Microsoft has issued a warning about cyberattack campaigns that misuse legitimate file hosting services, such as SharePoint, OneDrive, and Dropbox, to evade security measures.
These services, widely used in enterprise environments, are being exploited to launch business email compromise (BEC) attacks, which can result in financial fraud, data theft, and further infiltration of corporate networks.
The tactic, known as “living-off-trusted-sites” (LOTS), enables attackers to blend malicious activity with regular network traffic, making it harder to detect. This strategy bypasses standard email security filters by exploiting the familiarity and trust users have in these file-sharing platforms, allowing malware delivery and phishing attempts to go unnoticed.
Since April 2024, researchers have observed a growing trend of phishing campaigns leveraging these legitimate services. These attacks often begin by compromising a user within a trusted organization or vendor. The hackers then upload malicious files to the file hosting service and share them with their intended targets.
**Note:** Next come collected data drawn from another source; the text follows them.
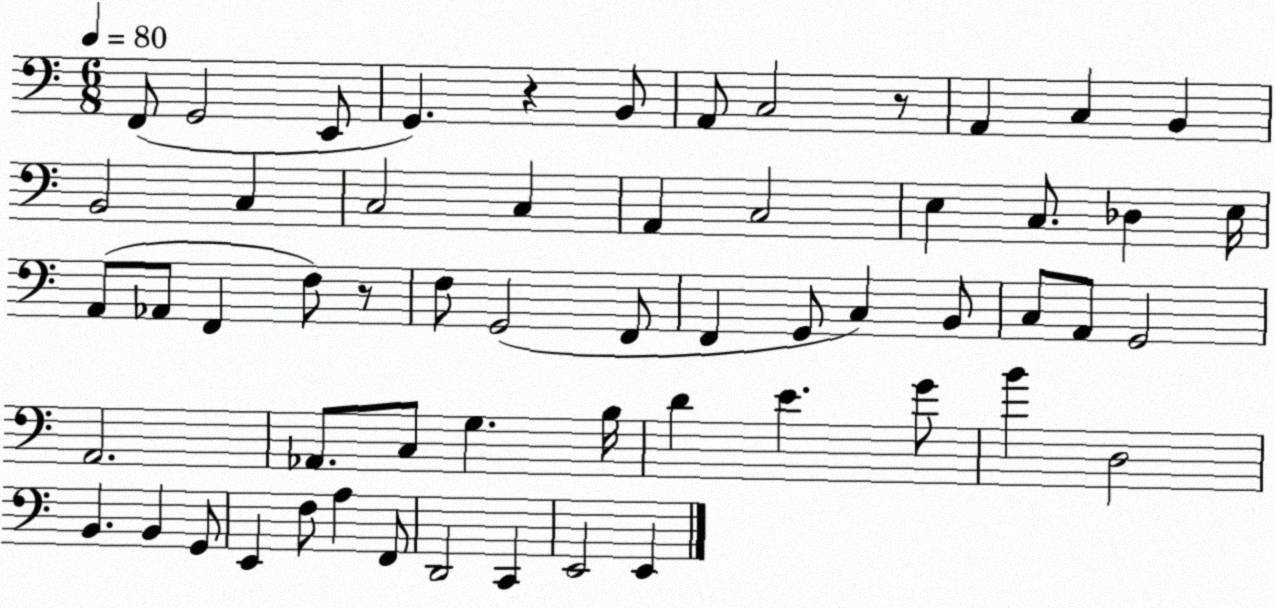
X:1
T:Untitled
M:6/8
L:1/4
K:C
F,,/2 G,,2 E,,/2 G,, z B,,/2 A,,/2 C,2 z/2 A,, C, B,, B,,2 C, C,2 C, A,, C,2 E, C,/2 _D, E,/4 A,,/2 _A,,/2 F,, F,/2 z/2 F,/2 G,,2 F,,/2 F,, G,,/2 C, B,,/2 C,/2 A,,/2 G,,2 A,,2 _A,,/2 C,/2 G, B,/4 D E G/2 B D,2 B,, B,, G,,/2 E,, F,/2 A, F,,/2 D,,2 C,, E,,2 E,,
The phishing emails used in these campaigns direct the recipient to restricted, “view-only” files that require login credentials for access. Once the recipient signs in and re-authenticates using a one-time password (OTP), they are prompted to click a link to view the content.
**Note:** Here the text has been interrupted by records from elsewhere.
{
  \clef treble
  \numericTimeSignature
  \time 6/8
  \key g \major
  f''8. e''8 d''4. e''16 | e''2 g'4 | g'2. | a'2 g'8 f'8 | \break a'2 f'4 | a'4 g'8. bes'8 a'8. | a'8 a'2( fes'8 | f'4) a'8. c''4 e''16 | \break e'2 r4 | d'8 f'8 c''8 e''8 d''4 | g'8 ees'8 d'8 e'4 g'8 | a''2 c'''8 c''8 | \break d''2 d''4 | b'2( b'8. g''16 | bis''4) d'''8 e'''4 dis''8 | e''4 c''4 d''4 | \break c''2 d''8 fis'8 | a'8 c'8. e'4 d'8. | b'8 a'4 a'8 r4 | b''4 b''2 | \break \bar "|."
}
However, this link redirects them to a fake login page, where their password and two-factor authentication (2FA) tokens are stolen. With these details, attackers can take over the victim’s account, allowing them to launch further attacks, including BEC scams and financial fraud.
Microsoft has identified these campaigns as highly opportunistic but sophisticated in their use of social engineering, evasion techniques, and broad reach.
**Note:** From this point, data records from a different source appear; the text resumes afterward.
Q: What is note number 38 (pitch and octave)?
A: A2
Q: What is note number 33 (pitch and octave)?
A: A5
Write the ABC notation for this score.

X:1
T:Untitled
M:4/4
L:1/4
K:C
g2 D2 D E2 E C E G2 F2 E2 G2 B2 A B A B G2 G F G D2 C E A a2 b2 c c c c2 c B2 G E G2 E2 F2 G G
Alongside this, a new phishing kit called Mamba 2FA has been uncovered by researchers, offering phishing-as-a-service (PhaaS) for $250 per month. This kit helps threat actors intercept login credentials and 2FA tokens by mimicking Microsoft 365 login pages, further enabling account takeovers and fraud.
To protect against these types of attacks, businesses and individuals must be vigilant when receiving unexpected file-sharing invitations, even from trusted platforms. Always verify the source of such emails and avoid clicking on unfamiliar links or entering login credentials without checking the legitimacy of the request.
Implementing phishing-resistant multi-factor authentication (MFA) methods and educating employees about the dangers of these schemes can help prevent unauthorized access. Organizations should also maintain updated security software and regularly monitor for suspicious activities to mitigate the risks posed by such phishing campaigns.